Problem details:
Retype, word for word, every line from the one holding "Midsection woman wearing pink shirt and tie" through the one holding "Cupra Terramar 1,5eTSI" in the entries below, both included, and only those lines.

++++ Source records

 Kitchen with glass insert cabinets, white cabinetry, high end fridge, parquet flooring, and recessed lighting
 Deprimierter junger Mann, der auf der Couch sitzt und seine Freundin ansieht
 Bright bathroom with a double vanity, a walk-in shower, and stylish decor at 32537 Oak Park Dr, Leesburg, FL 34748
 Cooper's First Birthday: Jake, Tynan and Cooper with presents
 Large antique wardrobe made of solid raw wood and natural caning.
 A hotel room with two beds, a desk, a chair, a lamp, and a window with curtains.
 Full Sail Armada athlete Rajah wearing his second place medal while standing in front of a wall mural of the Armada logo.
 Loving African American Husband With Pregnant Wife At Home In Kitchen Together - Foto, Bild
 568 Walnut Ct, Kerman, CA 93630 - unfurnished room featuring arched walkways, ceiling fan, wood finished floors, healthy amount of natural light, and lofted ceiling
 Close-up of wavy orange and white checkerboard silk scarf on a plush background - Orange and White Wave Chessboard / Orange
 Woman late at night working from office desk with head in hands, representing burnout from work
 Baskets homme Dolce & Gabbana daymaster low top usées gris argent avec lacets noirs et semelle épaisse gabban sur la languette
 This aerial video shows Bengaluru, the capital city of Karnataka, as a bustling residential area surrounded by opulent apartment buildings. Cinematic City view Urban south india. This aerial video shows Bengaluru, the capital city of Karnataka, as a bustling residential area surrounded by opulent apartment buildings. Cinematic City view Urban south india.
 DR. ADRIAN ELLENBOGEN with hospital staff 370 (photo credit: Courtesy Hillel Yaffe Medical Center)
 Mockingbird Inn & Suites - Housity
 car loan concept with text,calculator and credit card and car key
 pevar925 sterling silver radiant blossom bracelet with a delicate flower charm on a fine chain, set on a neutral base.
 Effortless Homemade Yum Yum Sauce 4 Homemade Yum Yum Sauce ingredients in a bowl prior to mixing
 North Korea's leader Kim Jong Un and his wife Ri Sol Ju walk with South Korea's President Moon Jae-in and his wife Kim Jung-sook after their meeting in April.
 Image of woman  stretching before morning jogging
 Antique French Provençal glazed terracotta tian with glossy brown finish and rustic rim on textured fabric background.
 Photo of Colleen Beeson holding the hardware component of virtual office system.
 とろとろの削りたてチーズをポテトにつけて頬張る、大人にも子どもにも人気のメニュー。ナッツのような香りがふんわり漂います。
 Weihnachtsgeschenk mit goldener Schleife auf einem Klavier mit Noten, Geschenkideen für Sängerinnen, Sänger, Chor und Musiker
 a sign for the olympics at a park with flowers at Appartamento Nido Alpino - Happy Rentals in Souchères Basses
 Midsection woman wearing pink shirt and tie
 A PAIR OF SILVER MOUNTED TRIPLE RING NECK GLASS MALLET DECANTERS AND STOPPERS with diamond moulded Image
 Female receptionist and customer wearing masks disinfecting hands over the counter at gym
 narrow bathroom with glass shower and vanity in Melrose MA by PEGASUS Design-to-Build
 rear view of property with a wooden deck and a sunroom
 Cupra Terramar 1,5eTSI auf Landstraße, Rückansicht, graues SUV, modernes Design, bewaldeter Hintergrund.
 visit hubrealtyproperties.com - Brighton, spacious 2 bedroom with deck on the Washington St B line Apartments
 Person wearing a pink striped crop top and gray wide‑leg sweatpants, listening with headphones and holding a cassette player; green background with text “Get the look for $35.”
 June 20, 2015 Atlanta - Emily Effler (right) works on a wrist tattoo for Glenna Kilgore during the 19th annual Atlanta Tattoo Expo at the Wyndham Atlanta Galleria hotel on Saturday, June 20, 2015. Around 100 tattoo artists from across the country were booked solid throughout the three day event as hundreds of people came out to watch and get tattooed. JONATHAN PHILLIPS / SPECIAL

++++++++

Your response:
 Midsection woman wearing pink shirt and tie
 A PAIR OF SILVER MOUNTED TRIPLE RING NECK GLASS MALLET DECANTERS AND STOPPERS with diamond moulded Image
 Female receptionist and customer wearing masks disinfecting hands over the counter at gym
 narrow bathroom with glass shower and vanity in Melrose MA by PEGASUS Design-to-Build
 rear view of property with a wooden deck and a sunroom
 Cupra Terramar 1,5eTSI auf Landstraße, Rückansicht, graues SUV, modernes Design, bewaldeter Hintergrund.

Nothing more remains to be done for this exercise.